» Task data
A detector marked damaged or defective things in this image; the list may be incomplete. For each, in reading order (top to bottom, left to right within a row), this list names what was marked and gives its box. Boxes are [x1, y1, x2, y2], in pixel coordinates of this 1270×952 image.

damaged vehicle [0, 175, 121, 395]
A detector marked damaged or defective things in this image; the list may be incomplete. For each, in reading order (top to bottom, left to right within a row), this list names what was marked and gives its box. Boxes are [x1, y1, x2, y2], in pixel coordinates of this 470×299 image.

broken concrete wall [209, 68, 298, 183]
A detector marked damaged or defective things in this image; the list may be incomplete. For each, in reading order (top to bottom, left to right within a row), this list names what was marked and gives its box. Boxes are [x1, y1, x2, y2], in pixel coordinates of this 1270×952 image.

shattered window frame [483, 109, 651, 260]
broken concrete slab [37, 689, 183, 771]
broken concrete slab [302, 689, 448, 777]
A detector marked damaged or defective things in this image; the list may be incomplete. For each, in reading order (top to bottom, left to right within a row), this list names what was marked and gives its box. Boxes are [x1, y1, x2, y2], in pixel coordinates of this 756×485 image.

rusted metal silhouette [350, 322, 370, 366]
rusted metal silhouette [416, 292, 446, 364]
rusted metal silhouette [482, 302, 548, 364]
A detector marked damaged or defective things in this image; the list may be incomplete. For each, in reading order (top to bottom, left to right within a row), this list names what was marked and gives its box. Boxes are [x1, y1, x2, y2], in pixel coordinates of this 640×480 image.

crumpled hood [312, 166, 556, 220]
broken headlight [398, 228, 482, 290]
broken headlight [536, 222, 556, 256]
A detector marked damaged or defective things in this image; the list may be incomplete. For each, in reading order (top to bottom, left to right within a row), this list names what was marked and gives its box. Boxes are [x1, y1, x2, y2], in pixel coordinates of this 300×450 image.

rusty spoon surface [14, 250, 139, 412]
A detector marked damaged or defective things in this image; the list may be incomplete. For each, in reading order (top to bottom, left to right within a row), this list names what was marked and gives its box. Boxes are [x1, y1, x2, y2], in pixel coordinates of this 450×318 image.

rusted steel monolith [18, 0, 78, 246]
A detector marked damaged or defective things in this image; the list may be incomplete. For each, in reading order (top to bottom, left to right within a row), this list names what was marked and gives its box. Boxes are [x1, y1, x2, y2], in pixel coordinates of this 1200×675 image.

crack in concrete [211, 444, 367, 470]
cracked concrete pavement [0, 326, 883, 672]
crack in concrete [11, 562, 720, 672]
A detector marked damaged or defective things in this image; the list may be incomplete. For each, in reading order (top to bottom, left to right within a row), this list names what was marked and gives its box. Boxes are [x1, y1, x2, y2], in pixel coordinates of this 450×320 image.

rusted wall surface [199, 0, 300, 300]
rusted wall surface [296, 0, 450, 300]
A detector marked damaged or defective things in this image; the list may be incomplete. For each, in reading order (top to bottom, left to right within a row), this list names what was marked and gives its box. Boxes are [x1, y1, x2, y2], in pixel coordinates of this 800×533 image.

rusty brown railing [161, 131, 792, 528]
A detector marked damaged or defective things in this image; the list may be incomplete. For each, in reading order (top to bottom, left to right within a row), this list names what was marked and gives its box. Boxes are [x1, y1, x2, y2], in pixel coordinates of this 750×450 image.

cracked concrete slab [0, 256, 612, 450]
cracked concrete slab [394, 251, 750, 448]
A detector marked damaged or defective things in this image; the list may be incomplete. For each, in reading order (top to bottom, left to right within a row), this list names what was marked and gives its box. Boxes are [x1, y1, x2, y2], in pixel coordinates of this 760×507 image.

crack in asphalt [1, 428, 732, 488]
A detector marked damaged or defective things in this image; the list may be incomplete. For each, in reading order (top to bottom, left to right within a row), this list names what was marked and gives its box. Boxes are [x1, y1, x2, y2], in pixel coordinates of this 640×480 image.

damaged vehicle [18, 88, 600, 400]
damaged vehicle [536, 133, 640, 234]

» Exercise goal
What is needed is an exact copy of every entry.

» Response for this exercise
A detector marked damaged or defective things in this image; the list may be incomplete. For each, in reading order (top to bottom, left to right within a row), this list names what was marked and gives its box. Boxes are [x1, y1, x2, y2], in pixel coordinates of this 1270×952 image.

damaged vehicle [0, 175, 121, 395]
A detector marked damaged or defective things in this image; the list may be incomplete. For each, in reading order (top to bottom, left to right within a row), this list names what was marked and gives its box. Boxes are [x1, y1, x2, y2], in pixel coordinates of this 470×299 image.

broken concrete wall [209, 68, 298, 183]
A detector marked damaged or defective things in this image; the list may be incomplete. For each, in reading order (top to bottom, left to right within a row), this list names what was marked and gives its box. Boxes are [x1, y1, x2, y2], in pixel coordinates of this 1270×952 image.

shattered window frame [483, 109, 651, 260]
broken concrete slab [37, 689, 183, 771]
broken concrete slab [302, 689, 448, 777]
A detector marked damaged or defective things in this image; the list may be incomplete. For each, in reading order (top to bottom, left to right within a row), this list names what was marked and gives its box. Boxes are [x1, y1, x2, y2], in pixel coordinates of this 756×485 image.

rusted metal silhouette [350, 322, 370, 366]
rusted metal silhouette [416, 292, 446, 364]
rusted metal silhouette [482, 302, 548, 364]
A detector marked damaged or defective things in this image; the list may be incomplete. For each, in reading order (top to bottom, left to right within a row), this list names what was marked and gives its box. Boxes are [x1, y1, x2, y2], in pixel coordinates of this 640×480 image.

crumpled hood [312, 166, 556, 220]
broken headlight [398, 228, 482, 290]
broken headlight [536, 222, 556, 256]
A detector marked damaged or defective things in this image; the list may be incomplete. For each, in reading order (top to bottom, left to right within a row), this list names what was marked and gives its box. Boxes are [x1, y1, x2, y2], in pixel coordinates of this 300×450 image.

rusty spoon surface [14, 250, 139, 412]
A detector marked damaged or defective things in this image; the list may be incomplete. For each, in reading order (top to bottom, left to right within a row), this list names what was marked and gives its box. Boxes are [x1, y1, x2, y2], in pixel coordinates of this 450×318 image.

rusted steel monolith [18, 0, 78, 246]
A detector marked damaged or defective things in this image; the list may be incomplete. For each, in reading order (top to bottom, left to right within a row), this list names what was marked and gives its box. Boxes are [x1, y1, x2, y2], in pixel coordinates of this 1200×675 image.

crack in concrete [211, 444, 367, 470]
cracked concrete pavement [0, 326, 883, 672]
crack in concrete [11, 562, 720, 672]
A detector marked damaged or defective things in this image; the list may be incomplete. For each, in reading order (top to bottom, left to right within a row), this list names what was marked and gives its box. Boxes are [x1, y1, x2, y2], in pixel coordinates of this 450×320 image.

rusted wall surface [199, 0, 300, 300]
rusted wall surface [296, 0, 450, 300]
A detector marked damaged or defective things in this image; the list may be incomplete. For each, in reading order (top to bottom, left to right within a row), this list names what was marked and gives its box. Boxes are [x1, y1, x2, y2], in pixel coordinates of this 800×533 image.

rusty brown railing [161, 131, 792, 528]
A detector marked damaged or defective things in this image; the list may be incomplete. For each, in reading order (top to bottom, left to right within a row), this list names what was marked and gives its box. Boxes are [x1, y1, x2, y2], in pixel coordinates of this 750×450 image.

cracked concrete slab [0, 256, 612, 450]
cracked concrete slab [394, 251, 750, 448]
A detector marked damaged or defective things in this image; the list may be incomplete. For each, in reading order (top to bottom, left to right within a row), this list names what was marked and gives its box. Boxes are [x1, y1, x2, y2], in pixel coordinates of this 760×507 image.

crack in asphalt [1, 428, 732, 488]
A detector marked damaged or defective things in this image; the list may be incomplete. For each, in reading order (top to bottom, left to right within a row), this list names what was marked and gives its box. Boxes are [x1, y1, x2, y2], in pixel coordinates of this 640×480 image.

damaged vehicle [18, 88, 600, 400]
damaged vehicle [536, 133, 640, 234]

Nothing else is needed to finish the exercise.